### Given entries

================

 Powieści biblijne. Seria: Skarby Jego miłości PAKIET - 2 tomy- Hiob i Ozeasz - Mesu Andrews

================

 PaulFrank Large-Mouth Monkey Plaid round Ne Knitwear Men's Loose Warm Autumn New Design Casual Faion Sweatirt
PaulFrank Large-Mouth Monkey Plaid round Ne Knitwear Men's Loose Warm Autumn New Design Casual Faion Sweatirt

================

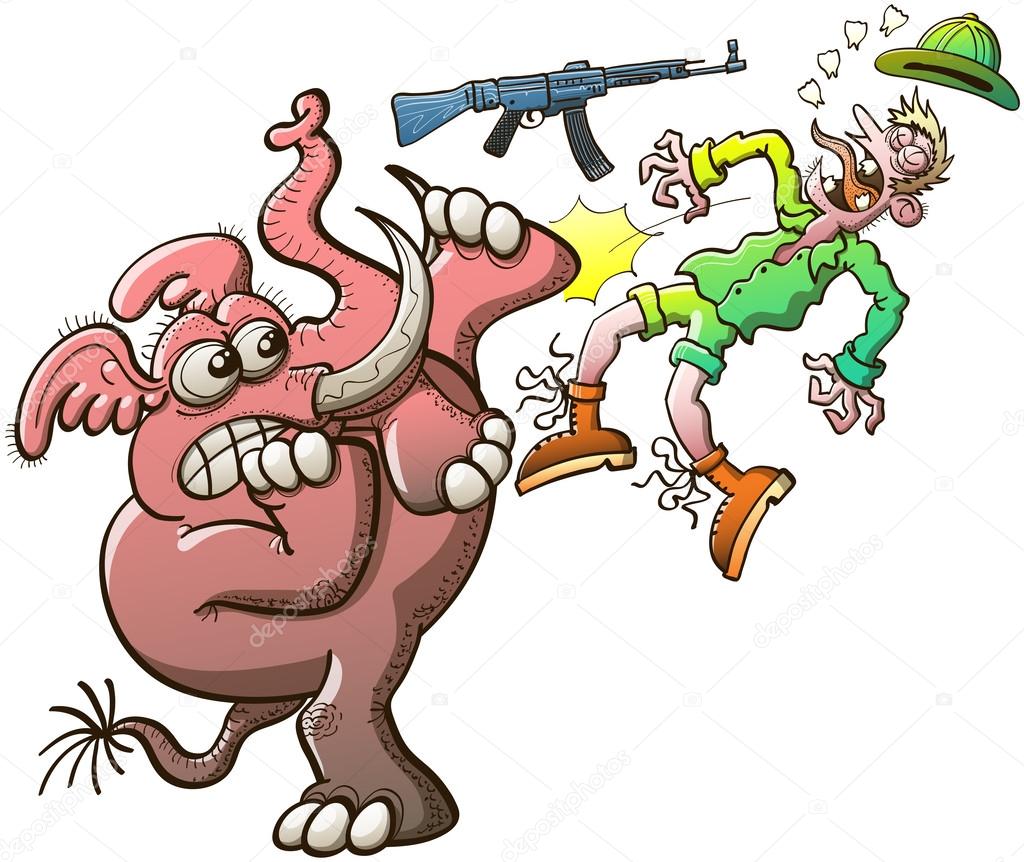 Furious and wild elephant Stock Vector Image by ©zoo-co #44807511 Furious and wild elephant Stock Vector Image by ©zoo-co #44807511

================

### About this exercise
Show all lines from the data that contain "Monkey".

### Answer below
 PaulFrank Large-Mouth Monkey Plaid round Ne Knitwear Men's Loose Warm Autumn New Design Casual Faion Sweatirt
PaulFrank Large-Mouth Monkey Plaid round Ne Knitwear Men's Loose Warm Autumn New Design Casual Faion Sweatirt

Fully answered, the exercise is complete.